Each line from the one containing "Pair of gold" through the end of the records below must be repeated exactly, and no other line.

######

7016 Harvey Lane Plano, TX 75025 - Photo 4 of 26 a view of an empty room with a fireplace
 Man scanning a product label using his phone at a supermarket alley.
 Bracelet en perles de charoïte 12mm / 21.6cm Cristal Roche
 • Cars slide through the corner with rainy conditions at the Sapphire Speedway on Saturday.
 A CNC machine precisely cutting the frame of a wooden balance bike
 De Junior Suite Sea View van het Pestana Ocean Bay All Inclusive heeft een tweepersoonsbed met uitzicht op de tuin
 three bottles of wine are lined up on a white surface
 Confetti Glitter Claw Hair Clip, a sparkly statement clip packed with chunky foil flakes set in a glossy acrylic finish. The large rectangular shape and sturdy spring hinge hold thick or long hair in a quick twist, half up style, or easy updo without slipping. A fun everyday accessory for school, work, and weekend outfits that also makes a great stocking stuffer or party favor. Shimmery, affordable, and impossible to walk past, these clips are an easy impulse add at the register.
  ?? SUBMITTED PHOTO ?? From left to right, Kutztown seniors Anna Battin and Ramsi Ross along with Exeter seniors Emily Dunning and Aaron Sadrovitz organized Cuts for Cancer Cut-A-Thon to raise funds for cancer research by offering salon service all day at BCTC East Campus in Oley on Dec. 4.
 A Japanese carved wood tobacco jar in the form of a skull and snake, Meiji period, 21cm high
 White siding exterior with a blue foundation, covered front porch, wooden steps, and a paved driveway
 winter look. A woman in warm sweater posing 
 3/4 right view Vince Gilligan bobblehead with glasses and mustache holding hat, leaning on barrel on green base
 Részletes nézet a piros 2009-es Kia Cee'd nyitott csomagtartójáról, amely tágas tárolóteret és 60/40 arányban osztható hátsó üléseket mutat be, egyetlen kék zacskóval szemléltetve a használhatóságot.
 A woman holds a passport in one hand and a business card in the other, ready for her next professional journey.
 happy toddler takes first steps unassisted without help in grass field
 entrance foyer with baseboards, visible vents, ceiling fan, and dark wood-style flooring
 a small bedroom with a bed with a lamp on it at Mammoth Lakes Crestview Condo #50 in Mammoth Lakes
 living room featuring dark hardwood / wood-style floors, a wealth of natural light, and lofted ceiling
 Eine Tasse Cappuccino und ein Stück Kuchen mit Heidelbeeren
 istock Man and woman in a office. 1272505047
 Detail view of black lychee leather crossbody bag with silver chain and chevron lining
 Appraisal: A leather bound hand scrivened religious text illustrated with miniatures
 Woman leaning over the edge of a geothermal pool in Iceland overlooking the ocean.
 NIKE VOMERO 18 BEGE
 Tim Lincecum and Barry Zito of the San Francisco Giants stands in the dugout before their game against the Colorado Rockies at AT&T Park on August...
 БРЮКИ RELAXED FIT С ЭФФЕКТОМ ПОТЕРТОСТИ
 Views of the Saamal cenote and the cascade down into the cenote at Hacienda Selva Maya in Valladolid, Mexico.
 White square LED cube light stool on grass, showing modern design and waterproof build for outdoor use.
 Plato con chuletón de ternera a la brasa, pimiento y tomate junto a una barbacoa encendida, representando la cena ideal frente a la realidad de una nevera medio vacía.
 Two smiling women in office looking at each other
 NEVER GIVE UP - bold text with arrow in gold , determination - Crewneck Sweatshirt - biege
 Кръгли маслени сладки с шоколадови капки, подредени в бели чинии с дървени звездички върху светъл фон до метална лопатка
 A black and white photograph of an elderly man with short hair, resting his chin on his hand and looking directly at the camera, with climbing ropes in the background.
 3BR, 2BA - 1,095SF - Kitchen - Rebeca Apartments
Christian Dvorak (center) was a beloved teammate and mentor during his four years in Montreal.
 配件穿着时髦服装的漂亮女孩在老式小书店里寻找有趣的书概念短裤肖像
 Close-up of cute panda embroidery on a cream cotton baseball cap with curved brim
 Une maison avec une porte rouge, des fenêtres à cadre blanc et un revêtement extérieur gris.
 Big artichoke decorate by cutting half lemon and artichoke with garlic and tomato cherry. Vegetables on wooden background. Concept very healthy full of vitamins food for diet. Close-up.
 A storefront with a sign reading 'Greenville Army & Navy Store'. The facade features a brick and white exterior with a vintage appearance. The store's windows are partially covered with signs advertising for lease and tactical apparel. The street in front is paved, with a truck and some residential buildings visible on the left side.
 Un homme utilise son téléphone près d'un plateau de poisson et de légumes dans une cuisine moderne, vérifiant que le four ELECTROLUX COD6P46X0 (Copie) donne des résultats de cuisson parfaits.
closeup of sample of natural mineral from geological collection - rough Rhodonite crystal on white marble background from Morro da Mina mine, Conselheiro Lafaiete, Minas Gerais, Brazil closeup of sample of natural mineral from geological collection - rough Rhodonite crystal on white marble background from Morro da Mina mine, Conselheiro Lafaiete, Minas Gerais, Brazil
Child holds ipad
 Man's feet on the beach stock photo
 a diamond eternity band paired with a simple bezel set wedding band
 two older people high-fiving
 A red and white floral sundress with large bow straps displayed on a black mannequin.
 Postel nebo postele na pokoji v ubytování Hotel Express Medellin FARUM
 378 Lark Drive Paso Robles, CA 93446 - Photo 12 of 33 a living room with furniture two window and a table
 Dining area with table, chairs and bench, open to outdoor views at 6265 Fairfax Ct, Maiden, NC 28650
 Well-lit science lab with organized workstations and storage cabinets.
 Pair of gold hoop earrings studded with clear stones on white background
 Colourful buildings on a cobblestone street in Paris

######

* [Solution for this exercise]
 Pair of gold hoop earrings studded with clear stones on white background
 Colourful buildings on a cobblestone street in Paris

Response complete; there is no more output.